Я буду любить тебя...
Шрифт:
— Вы были ко мне очень добры, — прошептала она. — Прошу вас, не считайте меня неблагодарной.
Пять минут спустя она вышла из своей спальни в плаще с поднятым капюшоном, держа в руке узелок с одеждой. Я потушил факелы и отворил дверь. Переступив порог мы, повинуясь единому чувству, остановились и оглянулись назад, на теплую, освещенную камином комнату. Потом я тихо затворил дверь, и мы вышли в ночь.
Глава XIX
В которой к нам присоединяются неожиданные попутчики
Ветер, дувший до сих пор неистовыми порывами, выровнялся и набрал еще большую силу. Но небу неслись тяжелые низкие тучи, сосны гнулись и скрипели, река торопливо несла свои воды прочь — казалось, сама земля стала беглянкой, спешащей во весь дух к океану. С дальней стороны перешейка доносился
— Я понесу ваш узел, сударыня, — сказал кто-то позади нас. Это был голос пастора, сам он уже стоял рядом с нами.
Секунду помешкав, я со смехом ответил:
— Мы отправляемся не на увеселительную прогулку, дорогой Спэрроу. В гостиной сейчас тепло, топится камин. В такую ветреную ночь вашему преподобию лучше всего вернуться туда.

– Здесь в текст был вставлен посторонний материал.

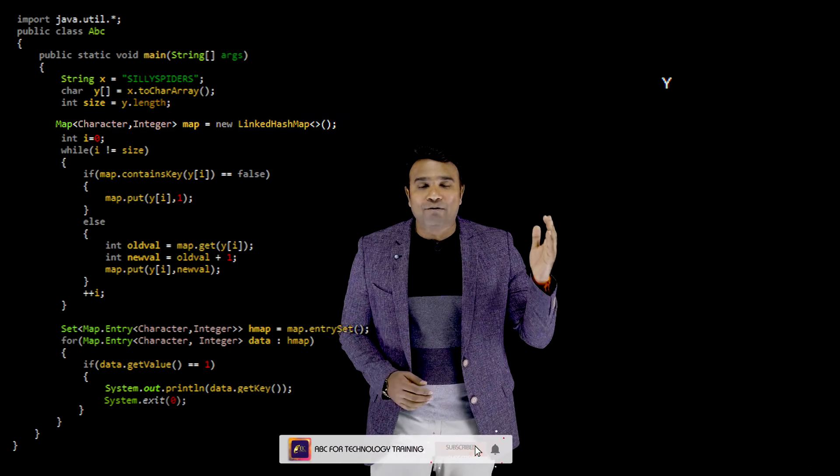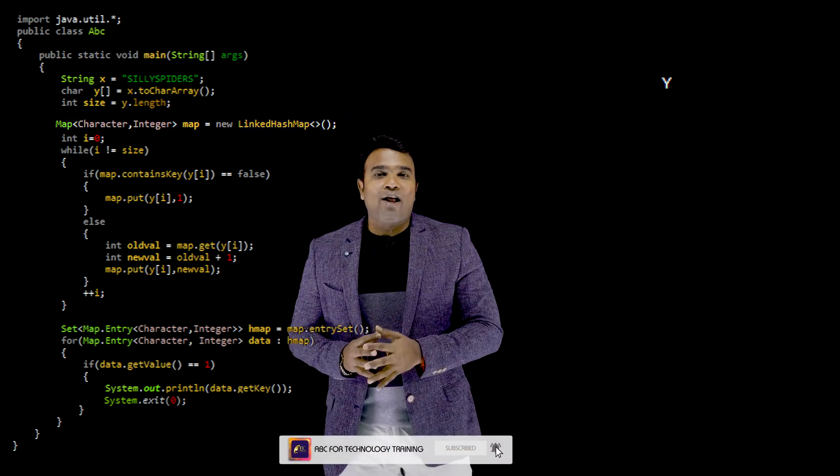Those are the two changes needed to convert the previous episode's program to this one. When I execute it, the output is Y — the correct answer. I'm sure you've understood this program, and all you have to do to gain more knowledge is to continue watching this series.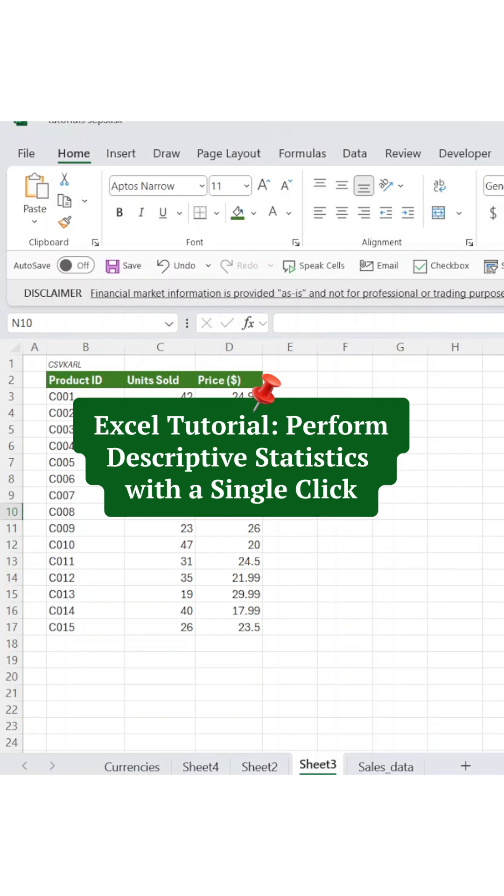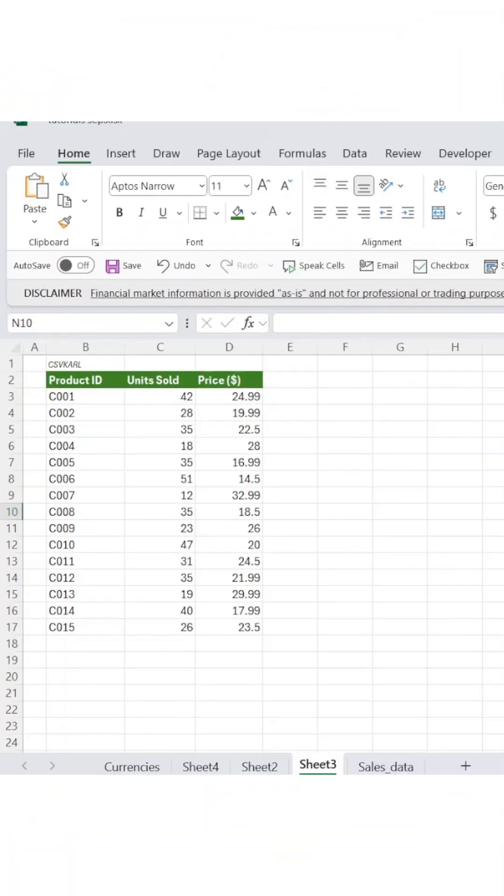Excel tutorial: perform descriptive statistics with a single click. Let's say you're analyzing unit sales for your candle products and need quick insights into your data.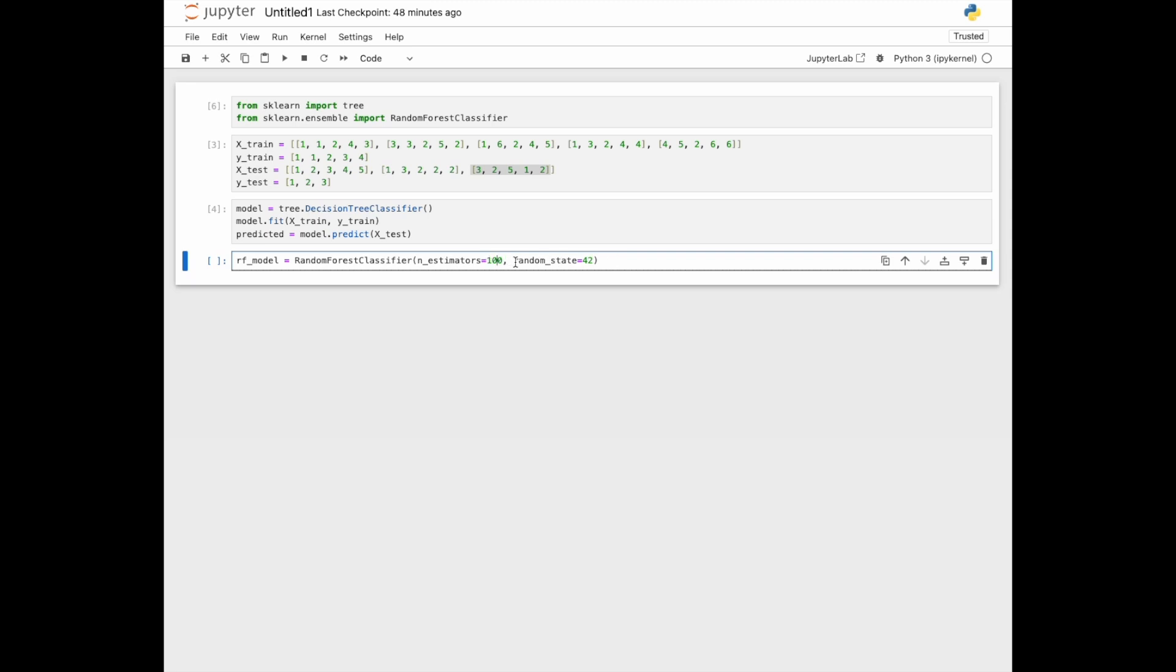This Random State doesn't really matter what number you use, but you just have to know that whatever number you put here, if you have the same one, it will run the same way.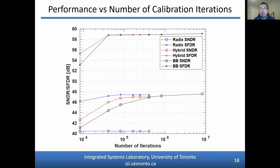This slide shows a plot of how the SNDR and SFDR change depending on the number of iterations conducted in the LMS calibration loop. The x-axis shows the number of iterations and the y-axis shows performance. Larger numbers of iterations indicate longer calibration times. Radix calibration is shown in blue, hybrid calibration in red, and bit-by-bit calibration in black. Hybrid calibration can achieve SNDR and SFDR close to bit-by-bit calibration while allowing calibration times to be relatively the same as radix calibration.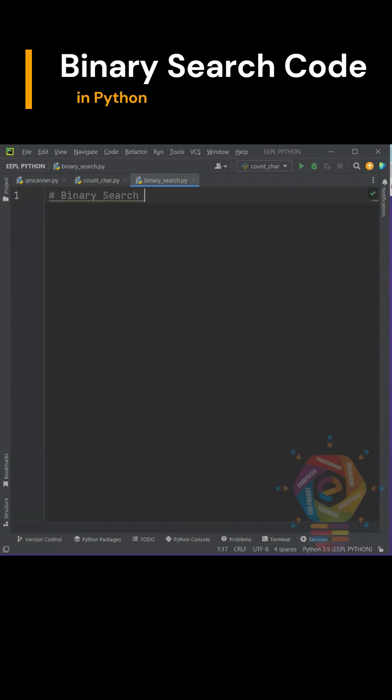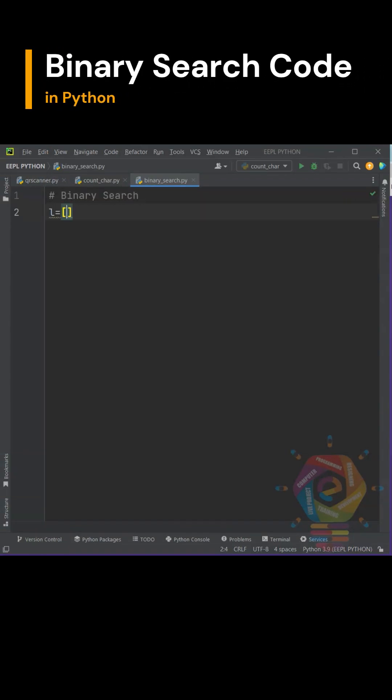Today, we will make binary search code in Python. First, create a list of items in Python.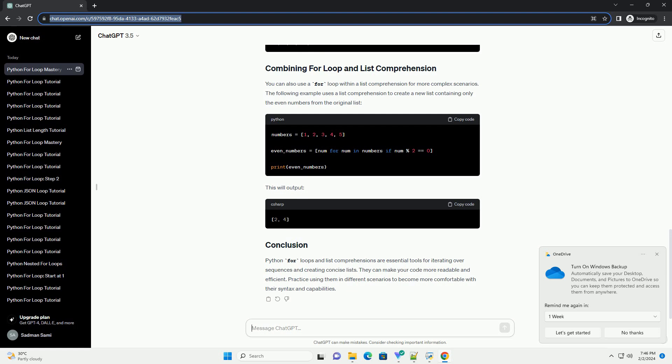Here, expression is the operation you want to perform on each item, item is the variable representing the current item in the iteration, iterable is the sequence to iterate over, and condition is an optional filter. Let's see an example of using list comprehension to create a list of squares.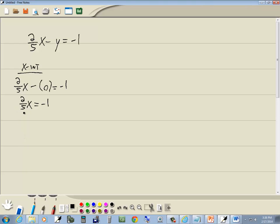I do have a fraction here. Our LCM, we only got one denominator, the 5, so that is our LCM. So we're going to multiply both sides by 5. So I'll take 5 times 2 fifths x and 5 times negative 1.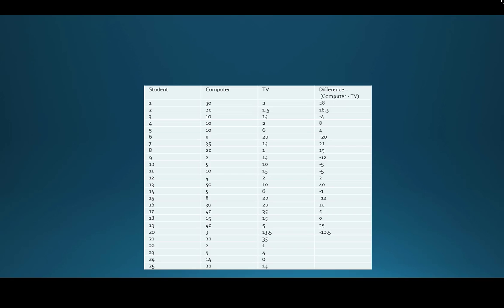For student 1, 30 minus 2 gives a difference of 28. Student 2 is 20 minus 1.5, giving a difference of 18.5. Student 3 has 10 minus 14, so that difference is negative 4. Moving down, student 21 has 21 minus 35, giving a difference of negative 14. Student 22 has a difference of 1, student 23 has 5, student 24 has 14, and student 25 has a difference of 7.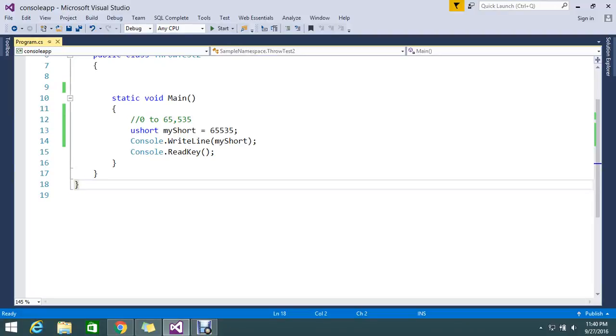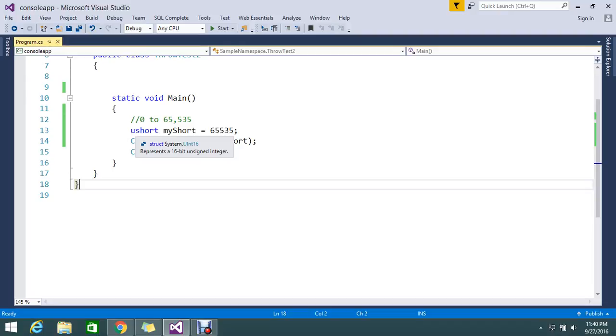Hi viewers, today we are here to discuss UShort in C#. UShort will hold integer type values with the range 0 to 65535.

Однако, вместо того чтобы уйти, он забрал у мистрис Перси ее узел.
— Послушайте, преподобный сэр, мы больше не принадлежим к вашей пастве, — сказал я уже с некоторым раздражением. — Мы переселяемся в другой приход. Мы сердечно благодарим вас за гостеприимство и желаем спокойной ночи.
Говоря, я попытался отобрать у него узел, но он засунул его под мышку и, обогнав нас, отпер садовую калитку.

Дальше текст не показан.